熊川哲也が感じる情報社会の危うさ「だからこそバレエを」
2023年には「熊川財団」を発足し、高い志と才能を持つ子どもに奨学金を出しサポートを続ける熊川さんですが、バレエ教育への強い思いがあるといいます。
熊川哲也さん:
「すごく便利な文明の力が発達して、怖い世界に突入している危機感もありつつ、そこに対峙するためには、人の感情がAIに勝っていかなきゃいけない。それがクラシックバレエ教える上でキーになりそうな気がしてて」
情報社会の今だからこそバレエを学んで欲しいー。

熊川哲也さん:
「やっぱりね、“バレエにはセリフがない”というのは、ものすごい大きなキーだと思う。隣の人は高く跳んだけど、俺はここまでしか跳んでいない。こっちは汚く跳んでいるけど、僕はキレイに跳んでるじゃんとか、個人が優先されていくことになるから、個性の教育になる」

セリフがないバレエ。
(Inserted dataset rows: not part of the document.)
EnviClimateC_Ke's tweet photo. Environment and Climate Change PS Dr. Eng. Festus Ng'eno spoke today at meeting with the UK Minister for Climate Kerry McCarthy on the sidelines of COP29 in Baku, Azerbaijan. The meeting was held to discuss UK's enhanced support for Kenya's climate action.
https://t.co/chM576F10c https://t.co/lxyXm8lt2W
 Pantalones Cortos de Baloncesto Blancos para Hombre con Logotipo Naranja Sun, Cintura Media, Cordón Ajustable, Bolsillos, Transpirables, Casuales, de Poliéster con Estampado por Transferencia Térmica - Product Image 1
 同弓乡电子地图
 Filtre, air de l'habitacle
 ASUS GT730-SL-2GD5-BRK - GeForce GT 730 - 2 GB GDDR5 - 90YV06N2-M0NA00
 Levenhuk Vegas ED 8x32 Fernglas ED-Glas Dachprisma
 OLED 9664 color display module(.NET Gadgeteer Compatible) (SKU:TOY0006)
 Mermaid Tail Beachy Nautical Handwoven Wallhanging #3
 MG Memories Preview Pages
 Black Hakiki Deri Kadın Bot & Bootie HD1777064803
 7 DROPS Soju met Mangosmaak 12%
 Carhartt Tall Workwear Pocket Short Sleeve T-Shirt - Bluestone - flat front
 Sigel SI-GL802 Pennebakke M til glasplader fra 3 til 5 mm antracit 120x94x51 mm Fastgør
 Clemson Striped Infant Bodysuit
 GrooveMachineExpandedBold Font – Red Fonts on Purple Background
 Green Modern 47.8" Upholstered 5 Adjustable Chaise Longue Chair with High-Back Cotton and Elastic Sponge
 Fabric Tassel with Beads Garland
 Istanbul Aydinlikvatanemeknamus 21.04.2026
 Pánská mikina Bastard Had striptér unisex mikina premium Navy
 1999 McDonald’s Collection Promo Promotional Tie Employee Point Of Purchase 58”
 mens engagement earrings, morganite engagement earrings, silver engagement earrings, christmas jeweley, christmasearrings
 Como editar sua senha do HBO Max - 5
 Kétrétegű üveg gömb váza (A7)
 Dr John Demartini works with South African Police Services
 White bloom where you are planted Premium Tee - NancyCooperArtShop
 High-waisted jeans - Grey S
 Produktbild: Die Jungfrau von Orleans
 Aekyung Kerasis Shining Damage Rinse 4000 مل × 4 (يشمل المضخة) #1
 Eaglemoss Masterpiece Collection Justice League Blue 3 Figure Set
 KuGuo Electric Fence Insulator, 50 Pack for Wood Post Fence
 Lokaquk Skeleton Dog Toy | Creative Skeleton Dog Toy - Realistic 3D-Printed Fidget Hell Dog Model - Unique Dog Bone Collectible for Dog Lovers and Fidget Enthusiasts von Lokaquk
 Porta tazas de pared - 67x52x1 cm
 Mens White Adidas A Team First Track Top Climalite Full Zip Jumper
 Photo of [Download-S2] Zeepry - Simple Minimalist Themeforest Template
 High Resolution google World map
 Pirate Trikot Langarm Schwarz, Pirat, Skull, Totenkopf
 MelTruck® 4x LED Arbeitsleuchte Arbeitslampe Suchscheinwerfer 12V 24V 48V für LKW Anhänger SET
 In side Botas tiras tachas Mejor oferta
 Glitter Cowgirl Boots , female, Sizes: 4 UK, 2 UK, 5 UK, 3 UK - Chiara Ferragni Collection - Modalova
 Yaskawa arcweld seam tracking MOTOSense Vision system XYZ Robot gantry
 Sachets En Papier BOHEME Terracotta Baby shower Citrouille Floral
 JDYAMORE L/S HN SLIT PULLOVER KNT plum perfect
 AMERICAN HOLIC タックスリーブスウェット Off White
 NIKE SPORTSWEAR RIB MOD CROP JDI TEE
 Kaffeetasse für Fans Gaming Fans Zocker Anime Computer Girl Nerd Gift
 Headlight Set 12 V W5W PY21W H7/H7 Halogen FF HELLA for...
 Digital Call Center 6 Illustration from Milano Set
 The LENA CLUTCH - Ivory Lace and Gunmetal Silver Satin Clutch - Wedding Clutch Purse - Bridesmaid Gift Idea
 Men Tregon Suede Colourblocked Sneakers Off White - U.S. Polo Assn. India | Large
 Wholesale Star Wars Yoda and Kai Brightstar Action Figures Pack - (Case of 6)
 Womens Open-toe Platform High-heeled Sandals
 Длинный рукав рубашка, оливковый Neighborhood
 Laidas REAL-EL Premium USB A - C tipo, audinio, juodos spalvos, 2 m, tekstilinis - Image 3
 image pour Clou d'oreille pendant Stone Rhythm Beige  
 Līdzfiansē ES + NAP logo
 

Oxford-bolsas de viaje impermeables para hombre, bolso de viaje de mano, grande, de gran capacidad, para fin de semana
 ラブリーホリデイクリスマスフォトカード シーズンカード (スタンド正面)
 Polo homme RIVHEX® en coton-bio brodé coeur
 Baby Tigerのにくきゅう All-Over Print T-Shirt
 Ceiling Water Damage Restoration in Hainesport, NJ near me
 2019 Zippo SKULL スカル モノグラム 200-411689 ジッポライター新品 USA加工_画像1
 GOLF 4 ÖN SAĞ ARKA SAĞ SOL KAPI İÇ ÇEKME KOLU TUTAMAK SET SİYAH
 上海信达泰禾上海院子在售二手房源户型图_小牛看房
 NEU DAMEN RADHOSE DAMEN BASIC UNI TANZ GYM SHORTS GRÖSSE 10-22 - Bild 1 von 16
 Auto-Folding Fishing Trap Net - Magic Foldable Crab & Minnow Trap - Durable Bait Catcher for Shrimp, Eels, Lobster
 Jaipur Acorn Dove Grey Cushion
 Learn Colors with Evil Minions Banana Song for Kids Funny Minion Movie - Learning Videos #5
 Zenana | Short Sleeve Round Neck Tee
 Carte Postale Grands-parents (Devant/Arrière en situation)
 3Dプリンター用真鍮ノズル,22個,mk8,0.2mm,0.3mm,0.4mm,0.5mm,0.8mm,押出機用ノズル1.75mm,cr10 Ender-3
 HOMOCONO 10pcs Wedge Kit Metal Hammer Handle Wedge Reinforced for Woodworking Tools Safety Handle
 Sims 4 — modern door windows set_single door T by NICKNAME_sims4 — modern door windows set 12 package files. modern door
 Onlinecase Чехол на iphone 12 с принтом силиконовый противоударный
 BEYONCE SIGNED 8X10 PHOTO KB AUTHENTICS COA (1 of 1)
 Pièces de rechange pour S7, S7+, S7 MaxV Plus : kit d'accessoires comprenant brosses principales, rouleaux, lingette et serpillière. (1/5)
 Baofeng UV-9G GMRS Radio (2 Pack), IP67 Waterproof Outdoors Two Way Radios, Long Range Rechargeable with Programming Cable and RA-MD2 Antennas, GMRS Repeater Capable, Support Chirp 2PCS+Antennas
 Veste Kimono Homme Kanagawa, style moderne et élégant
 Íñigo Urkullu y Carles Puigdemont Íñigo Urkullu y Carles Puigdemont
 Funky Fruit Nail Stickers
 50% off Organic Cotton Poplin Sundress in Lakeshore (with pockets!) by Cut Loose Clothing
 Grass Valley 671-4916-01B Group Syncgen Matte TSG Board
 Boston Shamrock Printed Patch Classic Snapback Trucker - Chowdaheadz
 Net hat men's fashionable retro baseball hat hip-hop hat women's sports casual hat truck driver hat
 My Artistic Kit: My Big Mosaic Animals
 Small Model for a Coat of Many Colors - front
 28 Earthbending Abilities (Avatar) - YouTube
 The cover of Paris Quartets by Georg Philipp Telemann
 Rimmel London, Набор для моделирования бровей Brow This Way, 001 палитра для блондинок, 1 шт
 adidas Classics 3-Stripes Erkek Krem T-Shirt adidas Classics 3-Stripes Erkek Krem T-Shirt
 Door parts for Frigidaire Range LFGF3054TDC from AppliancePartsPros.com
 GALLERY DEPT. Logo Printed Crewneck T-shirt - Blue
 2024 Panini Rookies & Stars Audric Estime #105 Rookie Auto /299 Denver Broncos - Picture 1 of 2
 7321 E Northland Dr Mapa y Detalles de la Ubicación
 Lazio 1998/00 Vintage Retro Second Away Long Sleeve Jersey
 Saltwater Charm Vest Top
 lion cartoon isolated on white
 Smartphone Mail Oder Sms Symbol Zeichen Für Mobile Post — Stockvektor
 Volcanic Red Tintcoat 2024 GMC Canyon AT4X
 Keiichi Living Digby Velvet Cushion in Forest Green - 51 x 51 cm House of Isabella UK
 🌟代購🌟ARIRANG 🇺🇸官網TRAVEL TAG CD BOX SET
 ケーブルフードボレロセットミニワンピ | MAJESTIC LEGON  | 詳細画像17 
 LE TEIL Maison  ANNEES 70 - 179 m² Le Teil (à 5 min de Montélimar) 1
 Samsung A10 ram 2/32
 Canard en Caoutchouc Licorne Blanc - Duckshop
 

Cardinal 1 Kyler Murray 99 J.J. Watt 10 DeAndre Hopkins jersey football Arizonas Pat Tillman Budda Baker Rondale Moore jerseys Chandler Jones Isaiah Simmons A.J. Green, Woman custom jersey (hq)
喜怒哀楽を踊りと表情だけで表現するからこそ、人間らしい感情が育まれると熊川さんは信じています。
子どもを魅了する仕掛けも…新作「マーメイド」
バレエを目指す子どもを増やそうと、熊川さんが今取り組んでいるのが、アンデルセンの童話「人魚姫」を題材にした「マーメイド」です。

熊川哲也さん:
「子どもたちに見てもらって、『あの舞台に立ちたい』とか『バレリーナになりたい』という子どもたちを、業界底上げを含めて増やしたい。例えば今、大谷君がいて、子どもは『野球をやりたい』って思うわけじゃないですか」
舞台の美術セットも、子どもたちが楽しめるようこだわりました。

ステージ後方には、水平に何本もワイヤーをはり「きらきら光る海の水面」を表現。ワイヤーの間隔が上に行くほど狭くなっているので、遠くまで続く海原のように見えます。

舞台の幕にも、まるで水中にいるかのような魚の大群が描かれています。